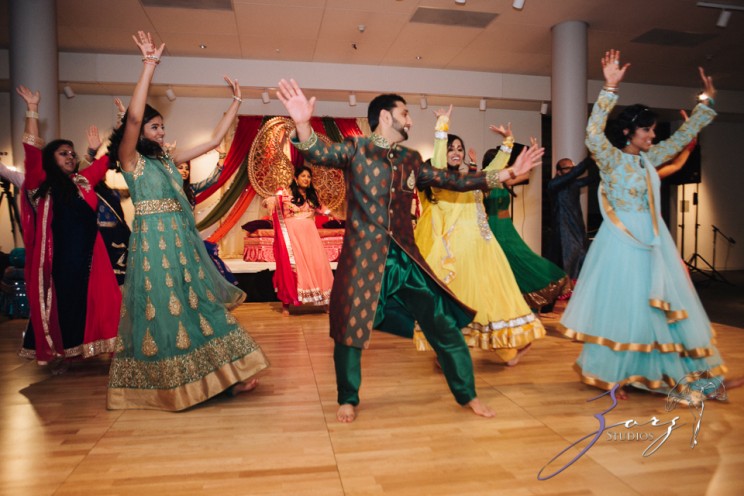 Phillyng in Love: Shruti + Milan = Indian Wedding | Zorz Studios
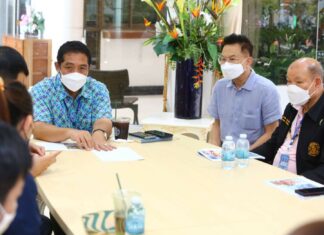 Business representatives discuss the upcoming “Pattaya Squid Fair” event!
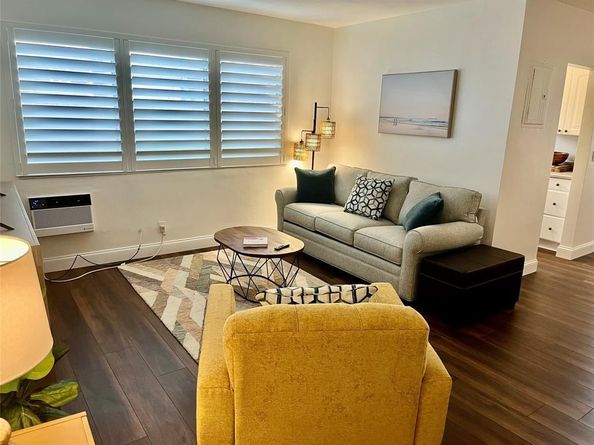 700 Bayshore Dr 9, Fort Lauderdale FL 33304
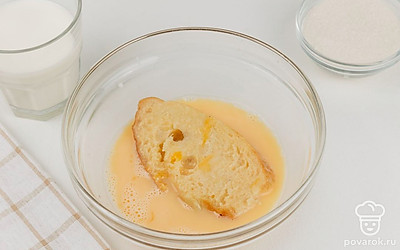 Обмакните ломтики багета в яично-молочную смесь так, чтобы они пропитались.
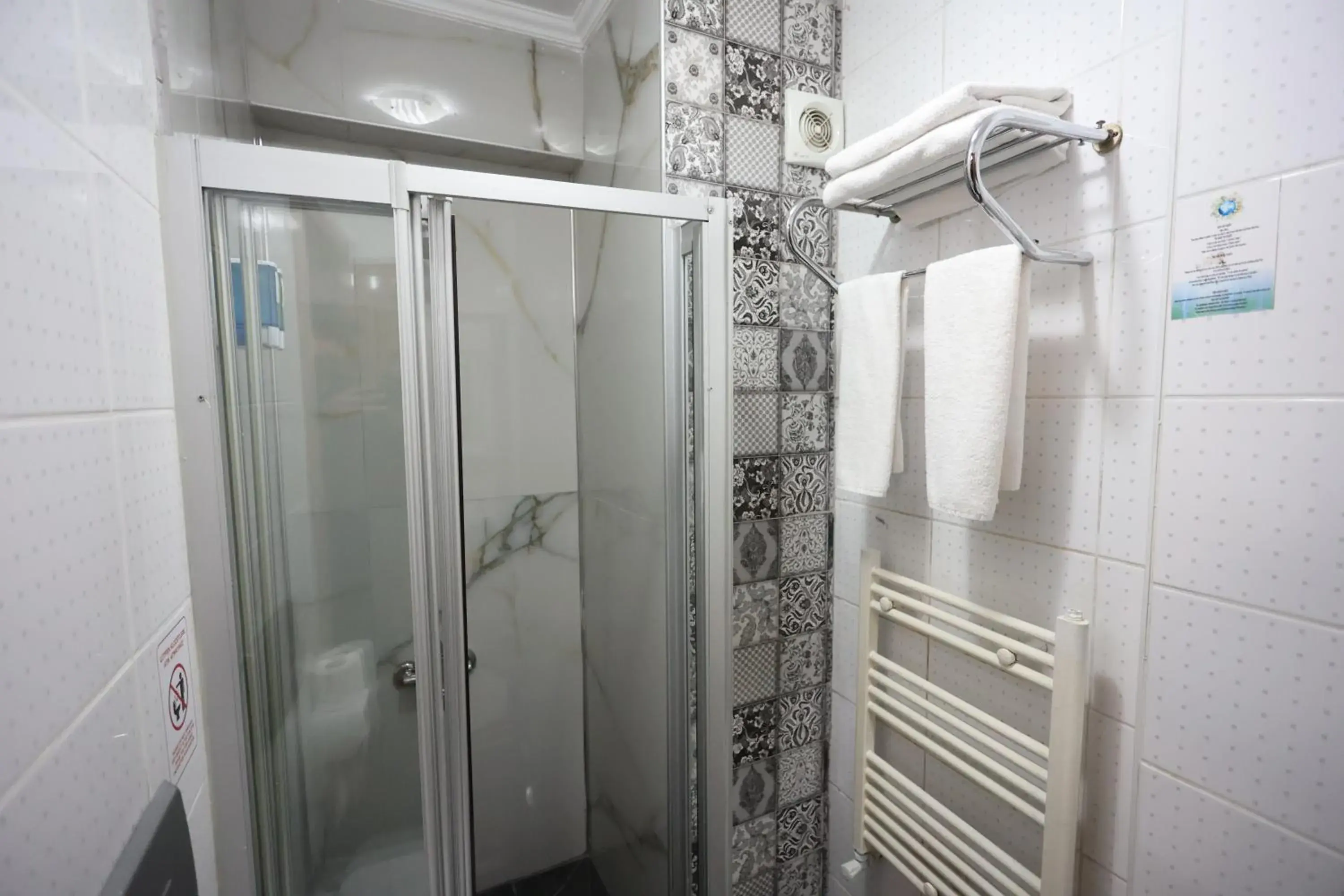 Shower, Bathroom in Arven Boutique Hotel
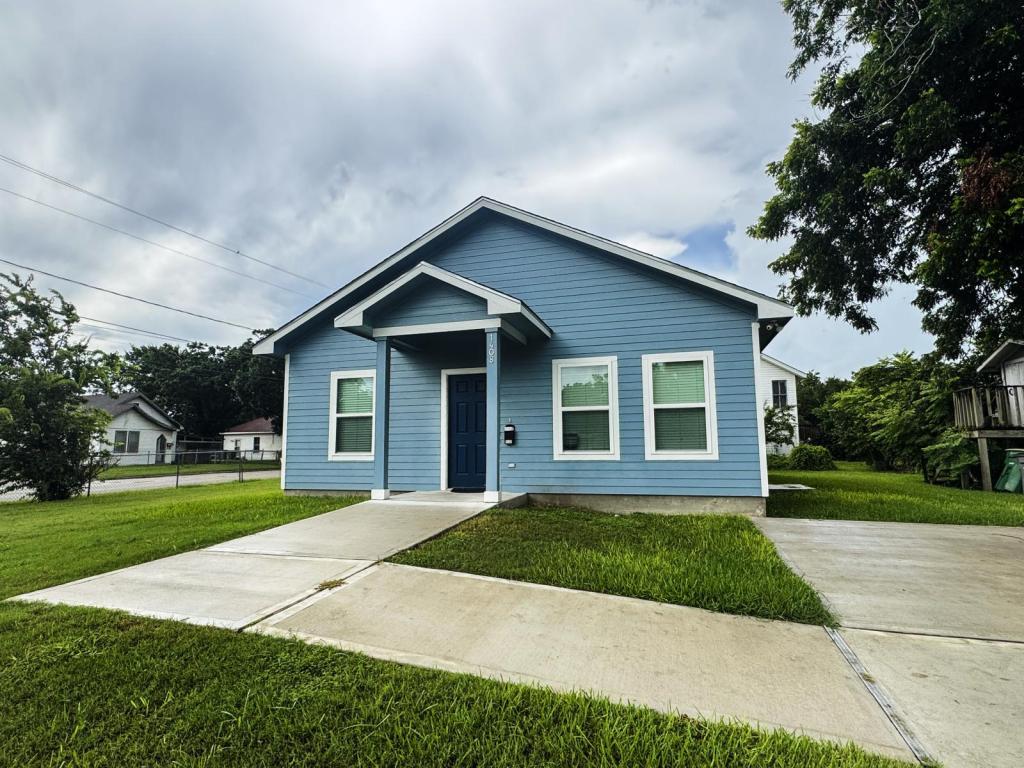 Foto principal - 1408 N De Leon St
========================================================================
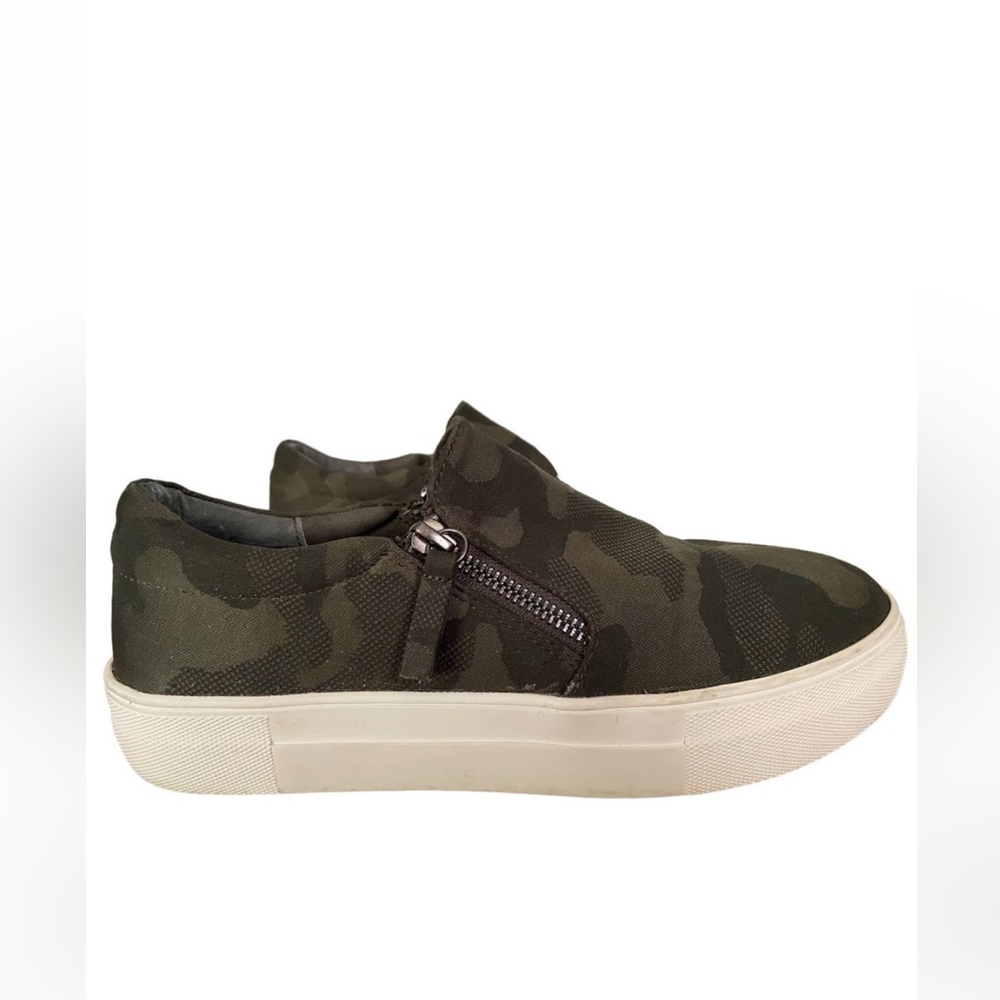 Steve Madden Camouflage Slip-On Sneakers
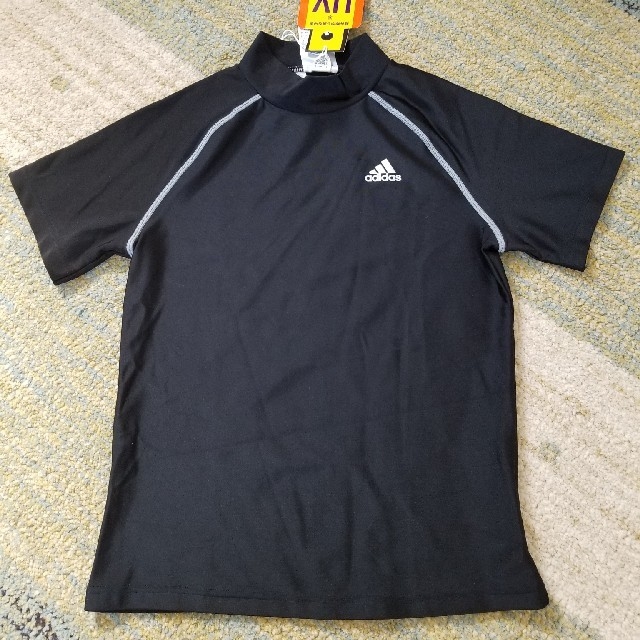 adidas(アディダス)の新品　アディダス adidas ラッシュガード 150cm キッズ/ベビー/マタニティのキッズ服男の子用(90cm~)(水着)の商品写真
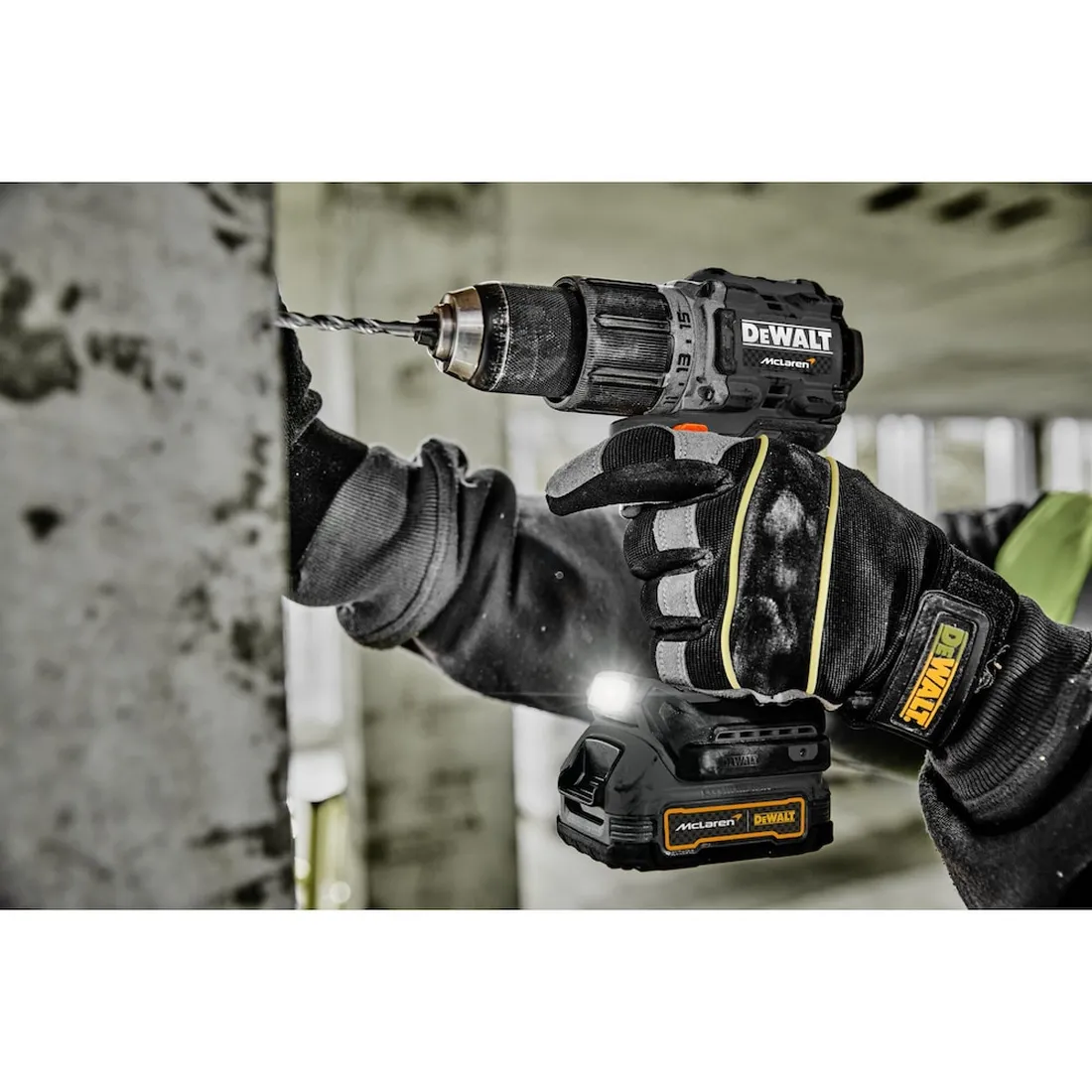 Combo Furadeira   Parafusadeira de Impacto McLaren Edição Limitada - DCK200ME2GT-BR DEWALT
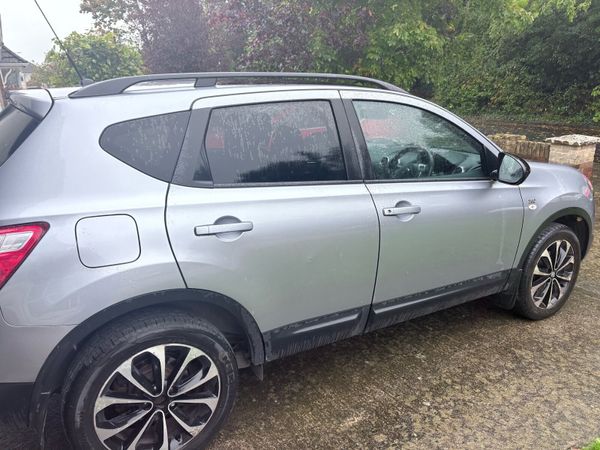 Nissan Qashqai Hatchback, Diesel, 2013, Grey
========================================================================
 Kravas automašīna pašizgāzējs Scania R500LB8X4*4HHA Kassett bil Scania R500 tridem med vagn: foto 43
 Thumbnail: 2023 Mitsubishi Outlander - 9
========================================================================
■ **Problem**
Once the line with "Phillyng in Love: Shruti" has been found above, output that line and every later line exactly, stopping after the line with "Foto principal - 1408 N De Leon St", and omit the pictures.

■ **Answer box**
 Phillyng in Love: Shruti + Milan = Indian Wedding | Zorz Studios
 Business representatives discuss the upcoming “Pattaya Squid Fair” event!
 700 Bayshore Dr 9, Fort Lauderdale FL 33304
 Обмакните ломтики багета в яично-молочную смесь так, чтобы они пропитались.
 Shower, Bathroom in Arven Boutique Hotel
 Foto principal - 1408 N De Leon St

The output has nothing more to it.